3 Consider and hear me, O Lord my God; Enlighten my eyes, Lest I sleep the sleep of death;
4 Lest my enemy say, "I have prevailed against him"; Lest those who trouble me rejoice when I am moved.
5 But I have trusted in Your mercy; My heart shall rejoice in Your salvation.
6 I will sing to the Lord, Because He has dealt bountifully with me."
A brief study of this Psalm brings up several observations. David is very depressed and feels as if God has turned away from him and that his foes are oppressing him.
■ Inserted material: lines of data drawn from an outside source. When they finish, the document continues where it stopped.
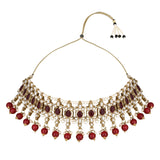 Shalina Maroon Choker Set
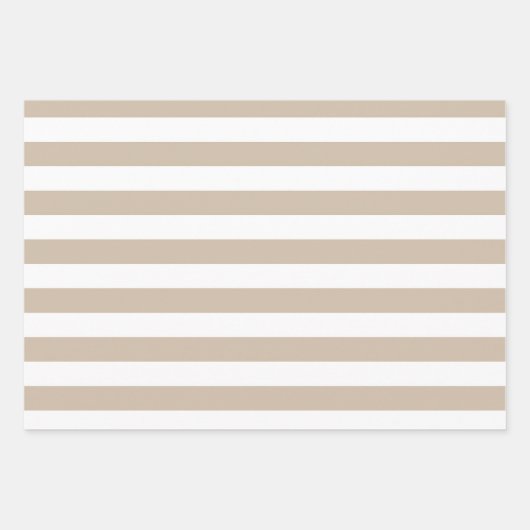 Lichtbruine en witte strepen inpakpapier vel (Voorkant 2)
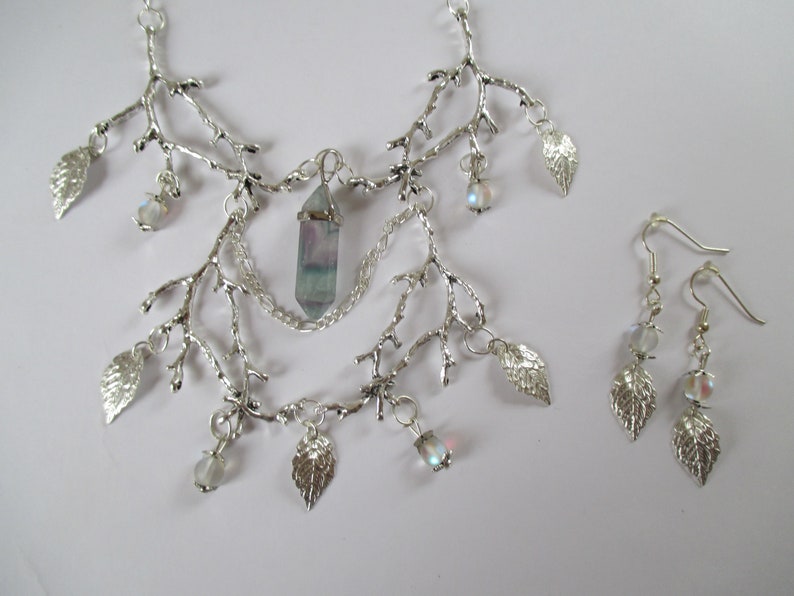 Elaborate Fairytale Forest Fluroite Necklace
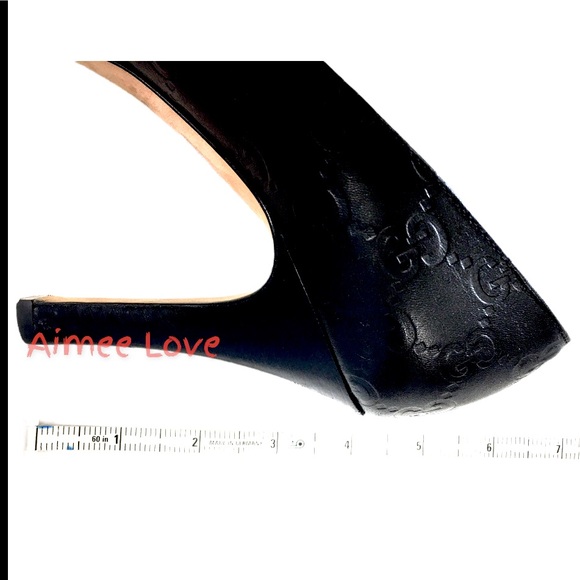 Authentic Gucci Horse bit peep toe pumps size 36C - Picture 5 of 16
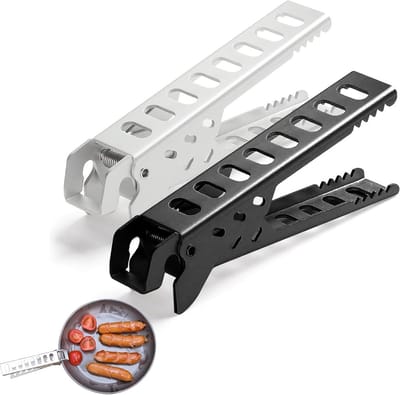 Keuken Tangen Set van 2 Stuks - Metalen Tangen voor Pannen, Potten en Schalen - Ideaal voor Koken, Grillen en Kamperen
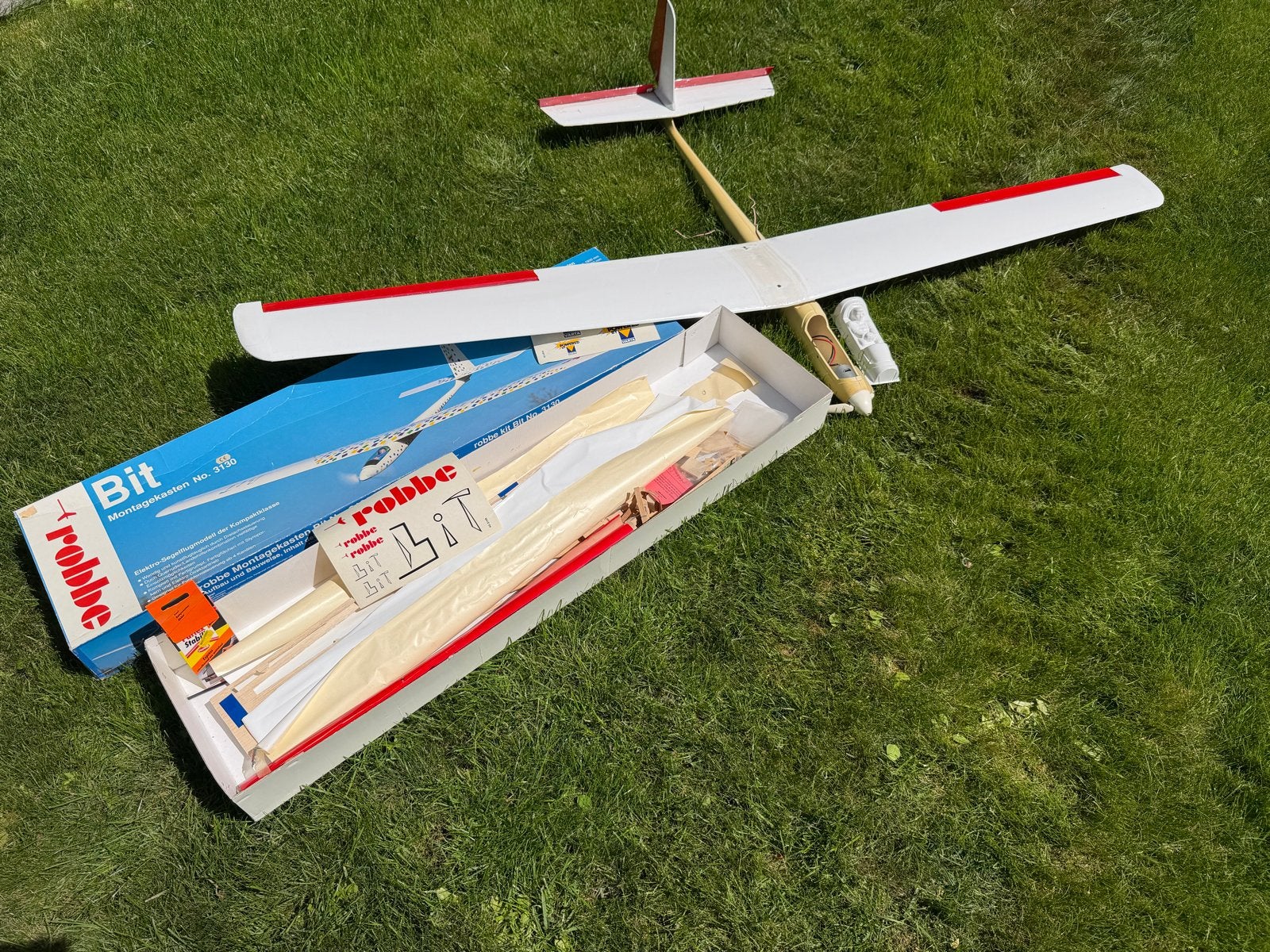 Robbe Bit Elektro Zweefvliegtuig Modelbouwkit, Hobby en Vrije tijd, Modelbouw | Radiografisch | Vliegtuigen, Ophalen, Gebruikt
There is little indication of what time in his life that this Psalm was produced but David is alone and his heart is in conflict. Whatever the duration of this period was it was not just a few days. Some might conclude that David must have committed some great sins just prior to this, but this may not be true. A Godly person can, in fact, feel this way no matter how pure in heart. And it is not sinful to feel sad!!! Some will just presume the sad person is just very sinful. Sadness and depression can be caused by many things even diet so we cannot just presume one is a great sinner. One can see how this is for us today. It is an unlearned believer that thinks if one is a Christian they must be walking around with a smile and in constant joy. Most smiles are forced and just a mask...and by Christian believers too.
This also is about unanswered prayer. The simple truth is that most prayers are very often (apparently) unanswered! This is true no matter what faith and sincerity you have. Let us not pretend. Sinfulness is not always the reason, so we should look for other answers. A couple points need to be made: God's plans for a person can not be seen completely, and prayers might be answered in ways that are not seen. An answer to a prayer could even be overlooked. God can even place the answer in the future.
My own experience is that only about 1 percent of prayers are answered. Putting aside prayers of thankfulness akin to praise, and prayers asking for forgiveness, I have estimated that I have made about 2880 prayer requests in the last 20 years. 3 of these were answered in such a way to be very mystical and divine where God and the spirit were clearly doing it. Another 25 were answered but could be deemed as mere happenstance by some. These numbers are only about 1 percent. If prayer requests were put to science (testing) it would be a failure (see: 1 Thessalonians 5:21), however, it is hard to set up such a test. Instead of science, which is testing, we need to use logic and common sense (philosophy). We are commanded to pray and prayers of thanks and praise can often just make one feel better even if prayer requests seem to fall short.
Another thought: perhaps my own experience has prompted me to write this essay/blog and that is what God wants. I welcome the thoughts of others.